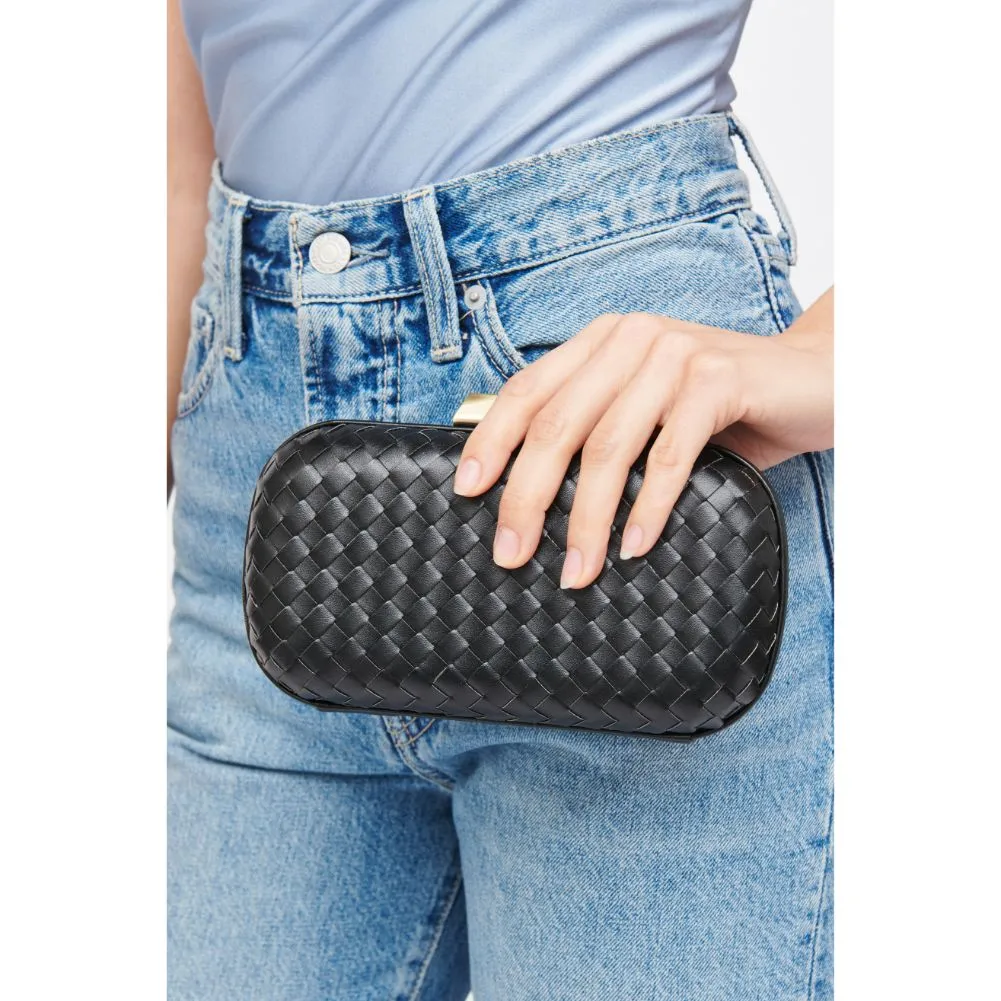 Chrome Evening Bag sold by Urban Expressions product image thumbnail 2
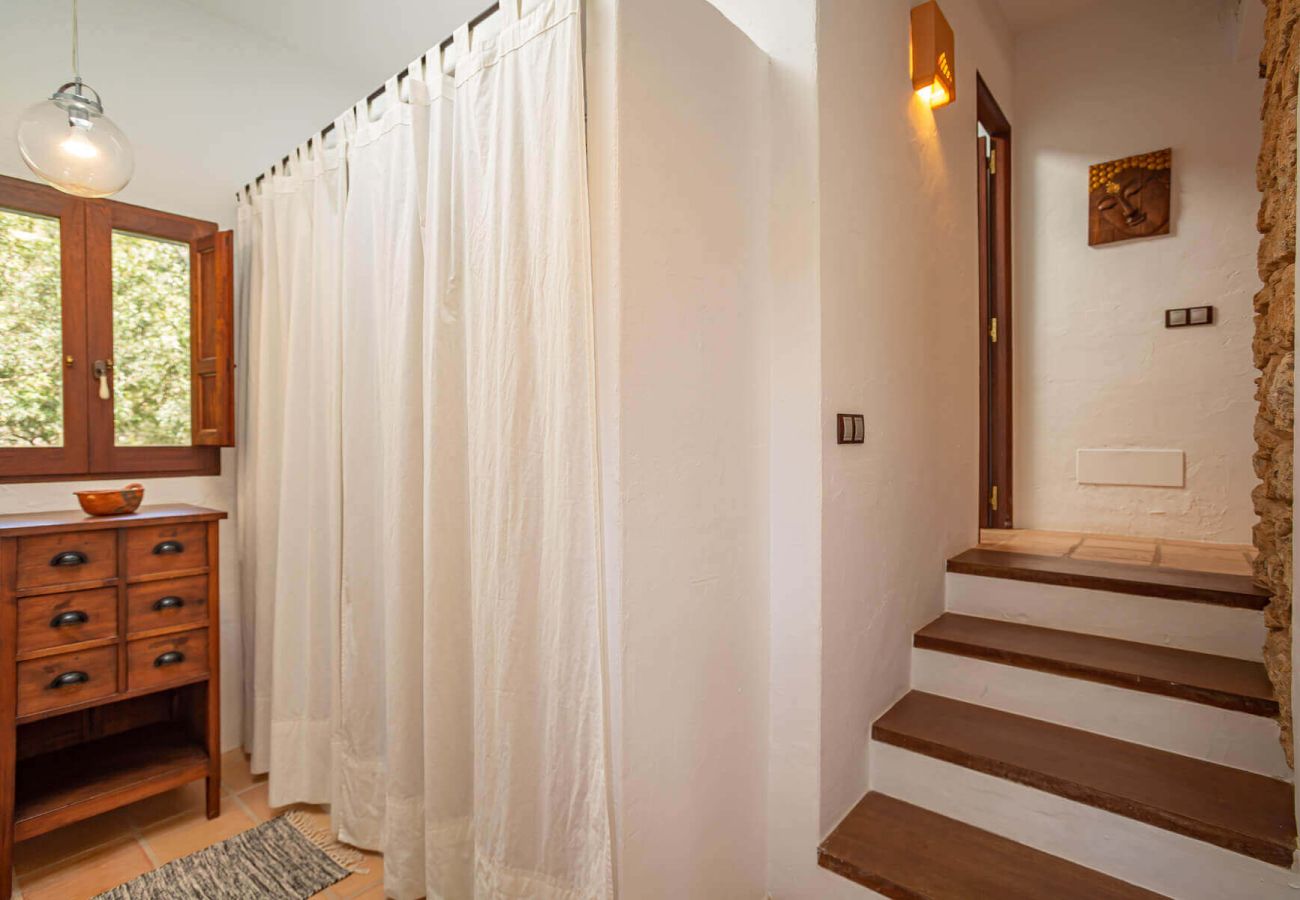 Ferienhaus in Santa Gertrudis - Can Font Ibiza - Ferienhaus in Santa Gertrudis
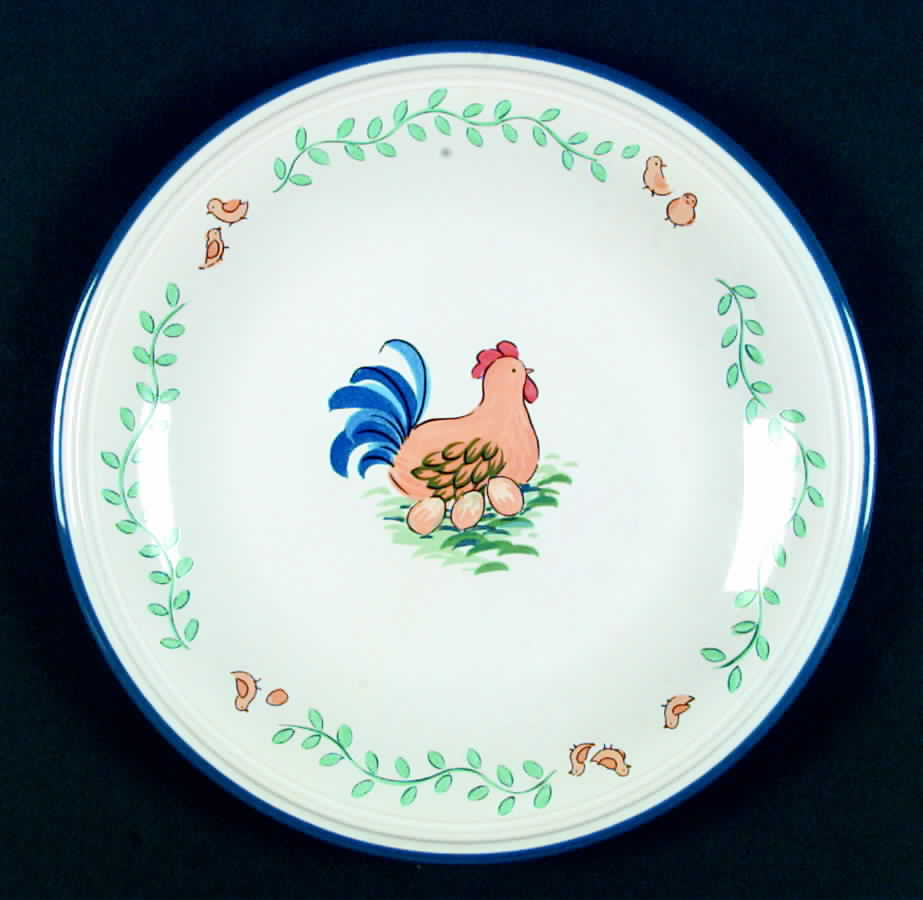 Summer Mornings Dinner Plate by Studio Nova-1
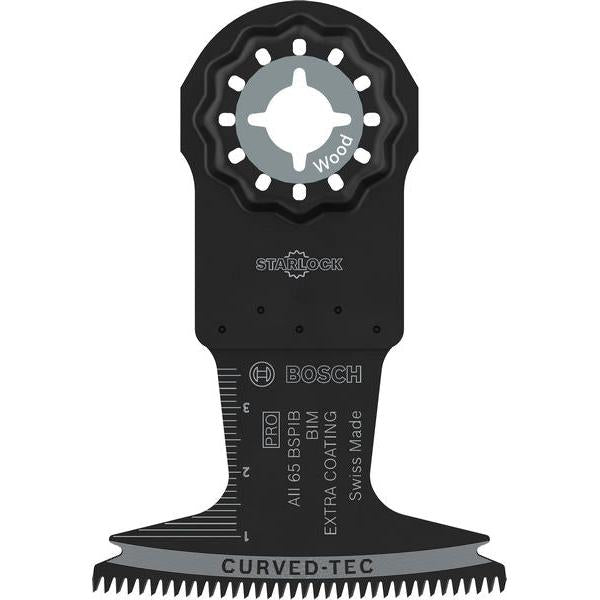 BOSCH PRO AII 65 BSPIB list testere za višenamenski alat, 65×40 mm - List testere za uranjanje RB - 1ER AII65 (2608669082) Madras doo Beograd Madras doo Beograd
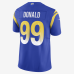 Aaron Donald Los Angeles Rams Men's Nike Dri-FIT NFL Limited Football Jersey - Royal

◆ ◆ ◆

- **Your instructions**:
Retype the records verbatim, excluding each image they hold.

- **Answer to this problem**:
 Chrome Evening Bag sold by Urban Expressions product image thumbnail 2
 Ferienhaus in Santa Gertrudis - Can Font Ibiza - Ferienhaus in Santa Gertrudis
 Summer Mornings Dinner Plate by Studio Nova-1
 BOSCH PRO AII 65 BSPIB list testere za višenamenski alat, 65×40 mm - List testere za uranjanje RB - 1ER AII65 (2608669082) Madras doo Beograd Madras doo Beograd
 Aaron Donald Los Angeles Rams Men's Nike Dri-FIT NFL Limited Football Jersey - Royal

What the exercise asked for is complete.